Vom Grünen Heinrich und Mädesüß
Einmal im Jahr lugt die Biologische Station in Bauerngärten, diesmal über Elsoffer Zaunlatten
awe Elsoff. Den ganzen Tag über stibitzten Neugierige über die Gartenzäune in Elsoff. Sie wollten blühende Bauerngärten und alte Dorfpflanzen wieder entdecken. Eingeladen hatten die Biologische Station Rothaargebirge, die Landfrauen, der Betriebshilfsdienst, der Heimatverein, die Ortsgemeinde und die VHS. Einmal im Jahr steht die Exkursion im Veranstaltungskalender der Biologischen Station und jedesmal werden Bauerngärten in anderen Dörfern besucht.
»Elsoff ist ein schöner Ort und noch ein echtes Dorf«, meinte Ursula Siebel. Die Mitarbeiterin der Biologischen Station begrüßte die Exkursionsteilnehmer. In Elsoff zumindest, das erklärte die Biologin, findet man dorftypische Pflanzen, die es anderswo fast nicht mehr schaffen, ihre Blatt- und Blütenpracht zu entfalten. »Der Grüne Heinrich zum Beispiel.

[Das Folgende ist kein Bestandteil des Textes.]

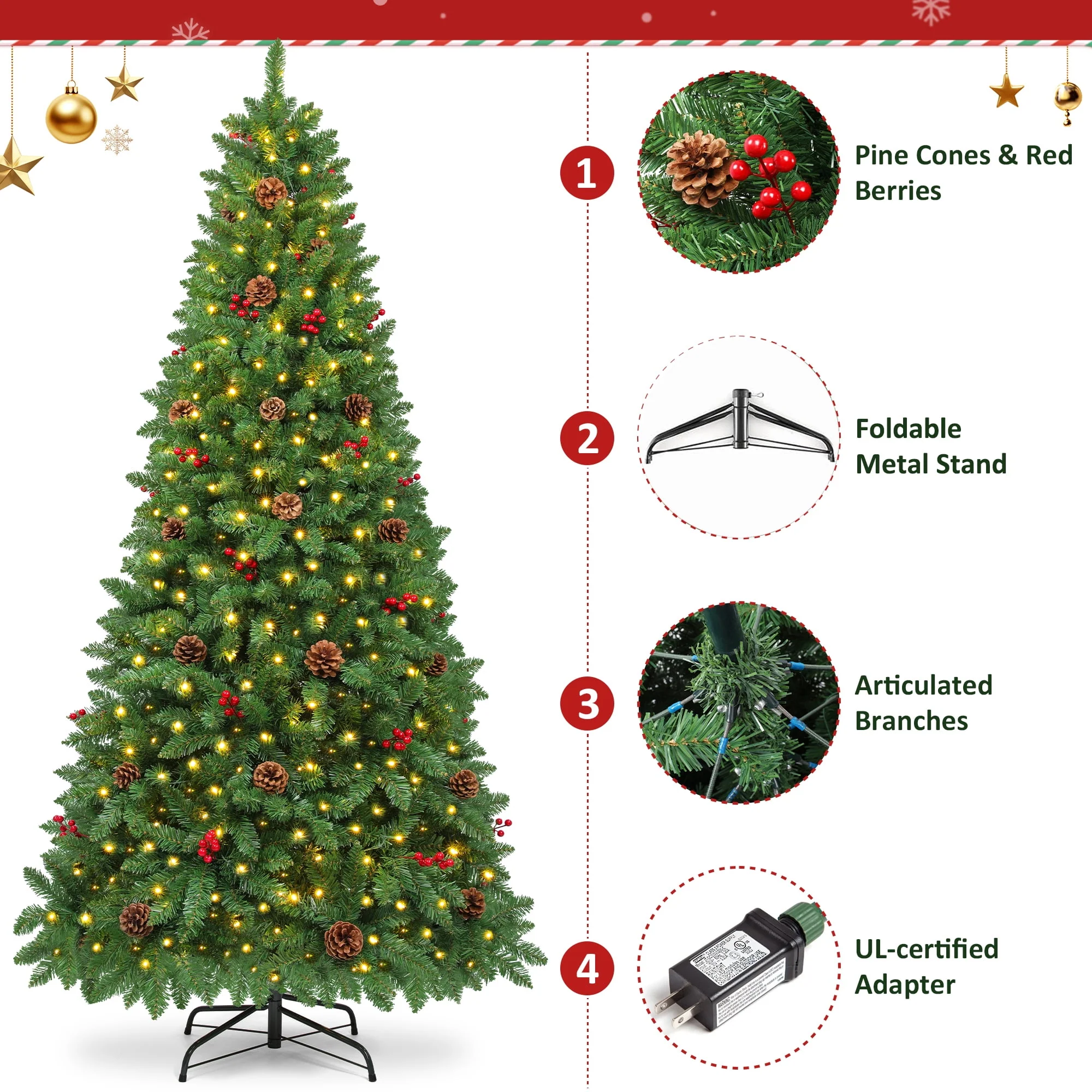Firstness 7.5ft Pre-Lit Artificial Christmas Tree with 450 Warm White LED Lights, 1300 Branch Tips, Pine Cones and Red Berries - Image 3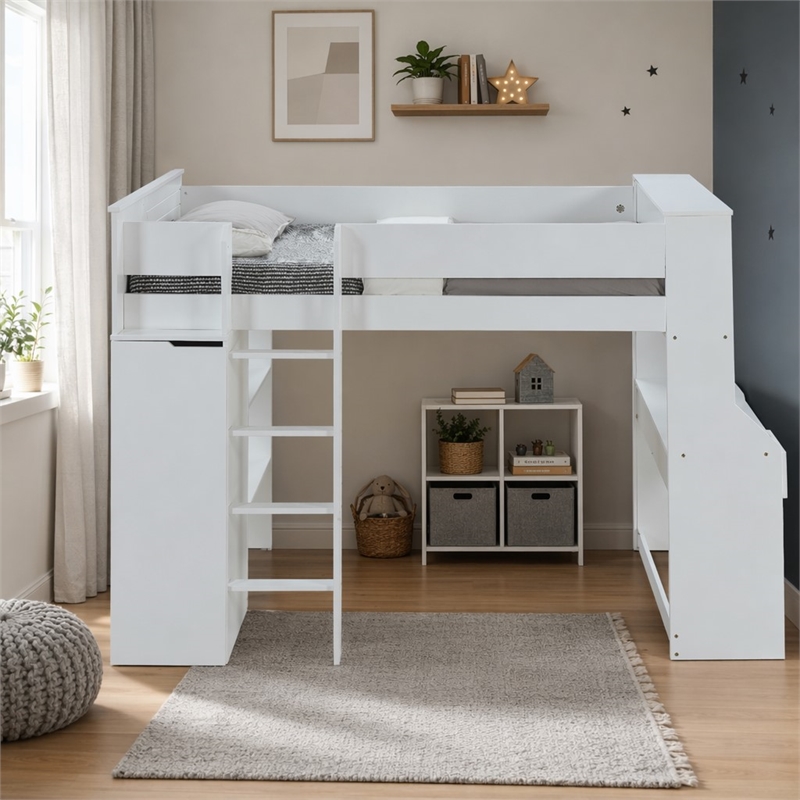 Bowery Hill Wooden Frame Loft Bed with Ladder in White Finish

Das ist eine alte Pflanze, die früher auch als Spinat-Ersatz diente«. Am Ortsausgang von Elsoff konnte sie den Bauerngarten-Forschern ein Exemplar zeigen. Die Pflanze stehe auf der Roten Liste der von Aussterben bedrohten Arten, warnte sie. Das heißt: Pflücken nicht erlaubt. Aber den Samen könne man sammeln, empfahl sie. Ein weiteres seltenes Exemplar auf dörflichem Boden ist die Wegmalve. Wilde Malven zeigte Ursula Siebel ihren Begleitern bei einem der beiden Bachläufe: Dort breitet sich ein Fleckchen »dörflicher Unkrautflur« aus. Und mit dieser Bezeichnung meinte Ursula Siebel nichts zum Ausrotten, sondern etwas zum in Ruhe lassen. Denn auf dem kleinen Fleckchen entfalten sich Schöllkraut, Kamille und Malven. Und Ursula Siebels Kollege von der Biologischen Station, Peter Fasel, wies auf die Hühnerhirse hin: »Ein wahrer Exot«. Wer von den knapp 40 Teilnehmern bis hierher noch irgendwelche Zweifel an der besonderen dörflichen Struktur des alten Wittgensteiner Ortes in sich hatte sprießen lassen, dem wurde diese vielleicht an diesem Punkt der kleinen Wanderung ausgetrieben: Eine Herde Kühe hatte sich nämlich über die Dorfstraße auf den Heimweg zum Stall gemacht, nahm sich gemächlich Zeit für die Vorfahrt und beäugte neugierig die neuerliche Menschenansammlung in der Dorfmitte. Deren eigentliches Anliegen waren die Bauerngärten und die nahmen sie nun auch überall im Dorf in Augenschein. »Bauerngärten haben ihren Ursprung im klösterlichen Umfeld«, hatte Ursula Siebel anfangs erklärt, »in einem Bauerngarten gedeihen Gemüse, Gewürz- und Heilkräuter, Blumen und Beeren. Blickt man über den Zaun eines solchen Gartens, so wird man von der bunten Mischung aus Blumen und Kräutern, Kohl, Salat, Möhren und Stangenbohnen überrascht sein.«
Bei näherem Hinsehen gab es in den Elsoffer Gärten aber auch das typische Wegenetz, das einen Bauerngarten aufteilt in Beete. Manche dieser Beete waren mit Buchsbaum eingegrenzt - auch typisch für einen alten Garten. »Klassisch« ist die Aufteilung in vier Beete durch ein Wegekreuz. Man hätte dann ein Feld für Kartoffeln, zwei für Gemüse und eines für Kräuter. Zur Umrandung ließen Kloster- und Bauerngärtner auch Beerensträucher und Blumen sprießen.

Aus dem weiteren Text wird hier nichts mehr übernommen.